Critically, Fortify can be applied in extremely small doses — less than one teaspoon per hectare, says Jensen.

“It doesn’t take up much room on the surface of a seed, which is important because there’s a limit to how many chemicals you can have on the surface of a seed. Because of its unique potency, the same product can be used for many different plants.”

Agrobiomics says it is looking at many different types of crops, ranging from broadacre to fruits to vegetables. The company has already conducted field trials on tomatoes in Spain and on soybeans in North America.

“The company’s biostimulant efficiently protects a wide variety of crops against high levels of salinity and has shown to significantly promote yields in field trials (20% increase) at a very low dosage (1 – 10 mg/hectare),” notes Christian Brix Tillegreen, director of planetary health at BioInnovation Institute.
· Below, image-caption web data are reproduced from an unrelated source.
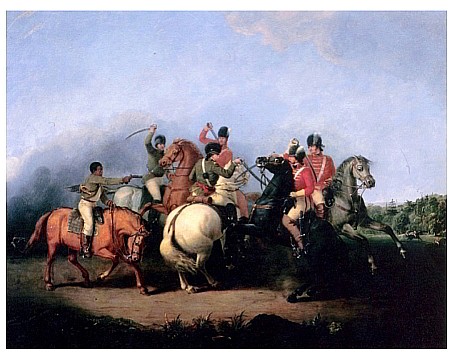 The Battle of Cowpens, painted by William Ranney in 1845. The scene depicts an unnamed black soldier (left) firing his pistol and saving the life of Colonel William Washington (on white horse in center).
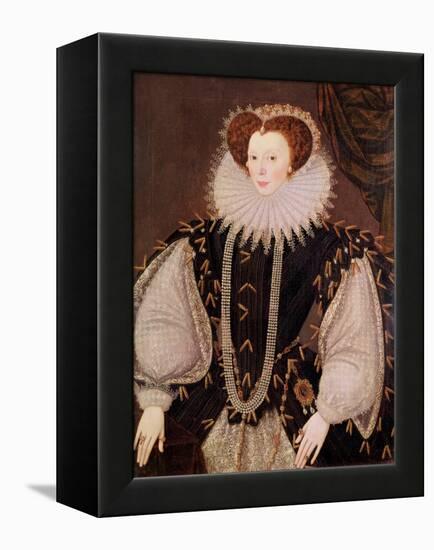 Portrait of Elizabeth Sydenham, Lady Drake, circa 1585-George Gower-Framed Premier Image Canvas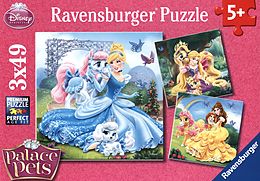 Ravensburger Kinderpuzzle - 09346 Palace Pets - Belle, Cinderella und Rapunzel - Puzzle für Kinder ab 5 Jahren, Disney-Puzzle mit 3x49 Teilen Spiel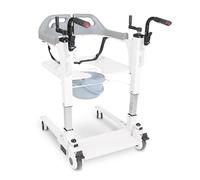 KMINA - Transfer Chair for Disabled (Seat up to 23 in), Bedside Commode with Wheels, Patient Lift Wide, Elderly - Not Suitable Shower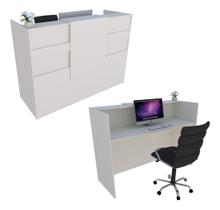 Balcão Recepção Caixa 124cm Branco - Linha Premium - Mod 1.1
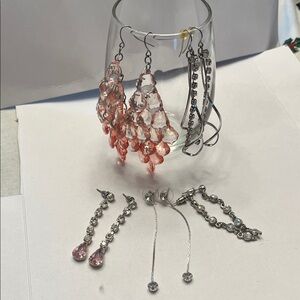 Elegant Silver tone Dangle Earrings 5 vintage pairs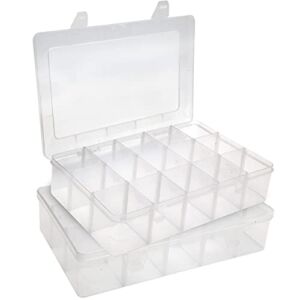 PANTRY X Pack of 2 -15 Grids plastic organizer box with dividers for Bead organizer, Fishing tackles, Jewelry, Craft organizers and storage with adjustable dividers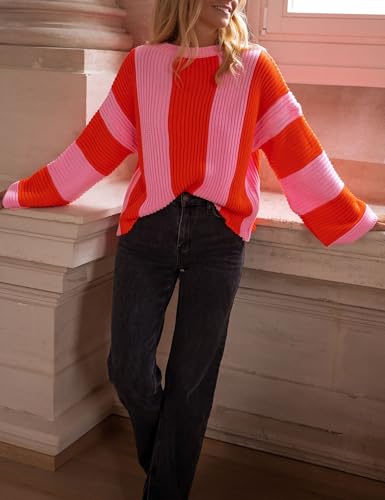 InterNos Womens Striped Bell Sleeve Pullover Sweater Loose Color Block Crew Neck Vertical Knitwear4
Soybeans ripening in a field. Image credit: iStock.

Validation at field level

Brix Tillegreen also notes that, “Since receiving financial backing from BII in 2022, Agrobiomics has delivered on its promise to provide transformative solutions to farmers coping with the constant and growing challenges of drought and salinity.”

The NOON Ventures investment “will further accelerate development and help bring this sustainable technology to billion-dollar markets such as soybean and corn.”

Mathilde Nordgaard, co-founder and R&D director at Agrobiomics, says the new investment will enable the company to take the product through regulatory talks and validation trials in the field.

“Financial support from BII allowed us to run a first validation on tomato and soybeans in the greenhouse,” she tells AgFunderNews. “We did we did see yield increases, but the real data has to be in the field. Big [agribusiness] companies want to see lots of big demonstrations, so with this investment, we can do the trials that can convince the big players and the market.”

Some target markets for the company include countries in Southern Europe, where drought and rising sea levels are increasing soil salinity, as well as “the developing countries where they might have even tougher time with poor growth conditions that are driven by climate change,” says Jensen.

The startup will conduct its next trials across different regions and soil types, says Nordgaard, in order to “show the effect across different soil types.

“It’s also important for us to gather data about the soils, regions and climates so we can also put all of this into a data package.”

Adds Jensen: “We believe we have something that can be [scaled] up and we are going to build the company in the next two, three years on getting very good data.”